Sudan’s paramilitary Rapid Support Forces (RSF) said on Saturday that it had taken control of Khartoum international airport, as clashes erupted with the army.
Gunfire could be heard in several parts of Khartoum and eyewitnesses said gunfire was also heard in adjoining cities.
A Reuters journalist saw cannons and armoured vehicles deployed in the streets and heard the sound of heavy weapons fire in the vicinity of the headquarters of both the army and RSF.
The RSF said in a statement it had been able to take control of Khartoum international airport in the capital and the Merowe military base in the north of the country.
On Saturday there was a heavy exchange of gunfire in Merowe, eyewitnesses told Reuters.

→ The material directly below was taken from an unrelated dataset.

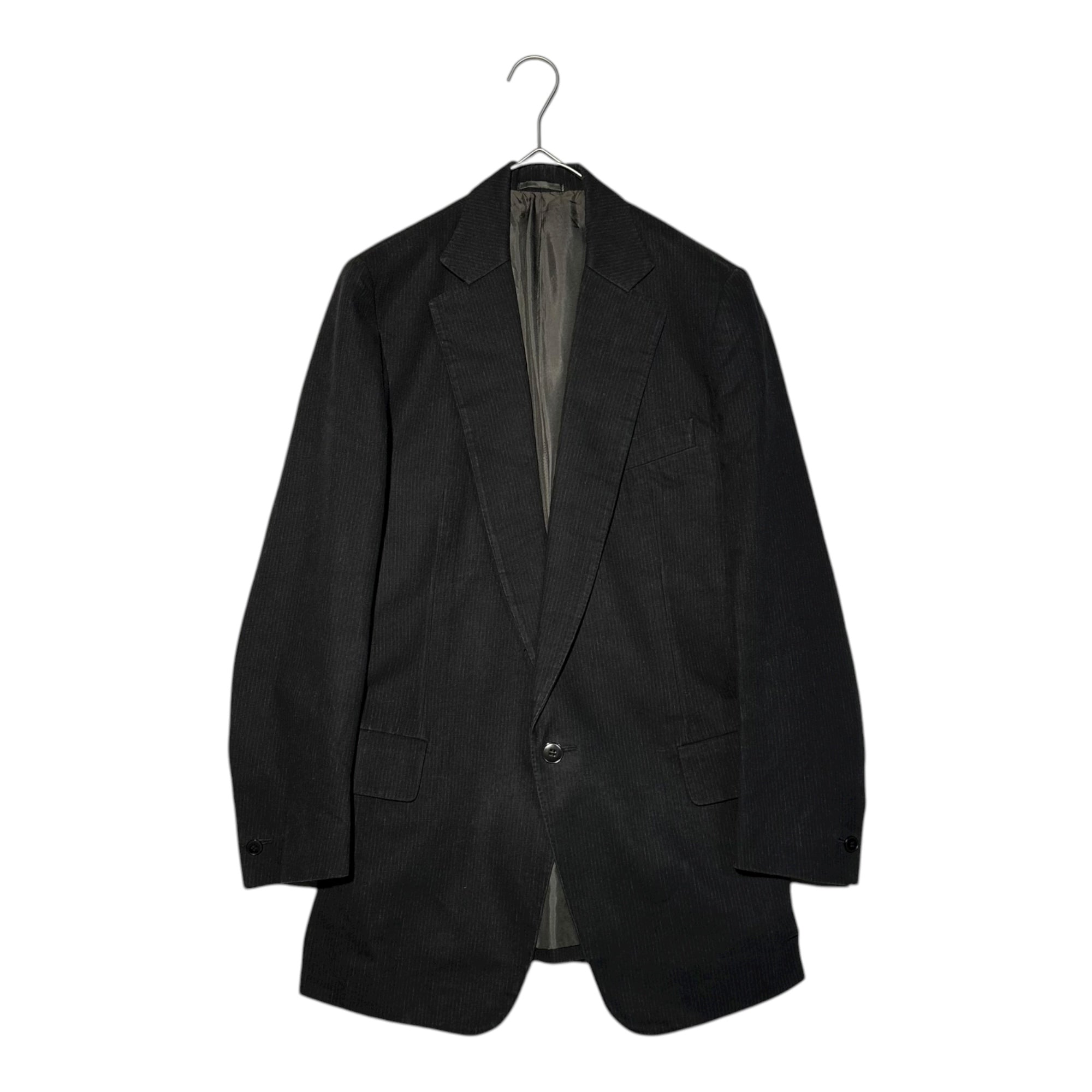 CAROL CHRISTIAN POELL(キャロルクリスチャンポエル) 02AW Archive 1B Stripe Design Tailored Jacket アーカイブ 1ボタン ストライプ デザイン テーラード ジャケット FALL 02/03 稀少品 S程度 ブラック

A statement by the RSF on Saturday called the army’s actions a “brute assault” and called for it to be condemned. It said that the RSF had been in contact with local and international mediators to inform them.
Earlier, the RSF said the army had surrounded one of its bases and opened fire with heavy weapons.

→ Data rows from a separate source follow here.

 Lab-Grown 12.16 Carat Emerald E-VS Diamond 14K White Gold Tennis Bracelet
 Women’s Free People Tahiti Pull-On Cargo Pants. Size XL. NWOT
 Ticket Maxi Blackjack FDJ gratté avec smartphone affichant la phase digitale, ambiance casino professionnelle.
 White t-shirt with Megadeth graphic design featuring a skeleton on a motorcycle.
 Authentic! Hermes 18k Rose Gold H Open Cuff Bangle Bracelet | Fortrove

FO ‘closely monitoring’ security situation
The Foreign Office said later in the day that it was “closely monitoring” the security situation in Sunday.
It said there were around a thousand Pakistani students in Khartoum and the country’s mission there was in contact with them to ensure their safety.

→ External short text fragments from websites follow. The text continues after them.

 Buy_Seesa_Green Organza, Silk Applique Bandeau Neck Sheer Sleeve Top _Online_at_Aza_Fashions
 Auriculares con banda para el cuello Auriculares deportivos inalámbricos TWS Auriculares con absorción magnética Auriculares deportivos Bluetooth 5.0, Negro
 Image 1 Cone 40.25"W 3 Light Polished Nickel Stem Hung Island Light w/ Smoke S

Sudan air force conducting ‘operations’
The Sudanese air force is conducting operations to confront the powerful paramilitary RSF, the army said in a statement on Saturday, as clashes broke out across the country.
Footage from broadcasters showed a military aircraft in the sky above the capital Khartoum, but Reuters could not independently confirm the material.
Clashes at Sudanese state TV headquarters - anchor
Clashes are taking place at the headquarters of Sudan’s state TV, an anchor who appeared on the screen briefly said on Saturday
Gunshots could be heard in the background, a Reuters witness said.
The RSF, which together with the army overthrew long-ruling autocrat Omar al-Bashir in 2019, began redeploying units in Khartoum and elsewhere amid talks last month on its integration into the military under a transition plan that would lead to new elections.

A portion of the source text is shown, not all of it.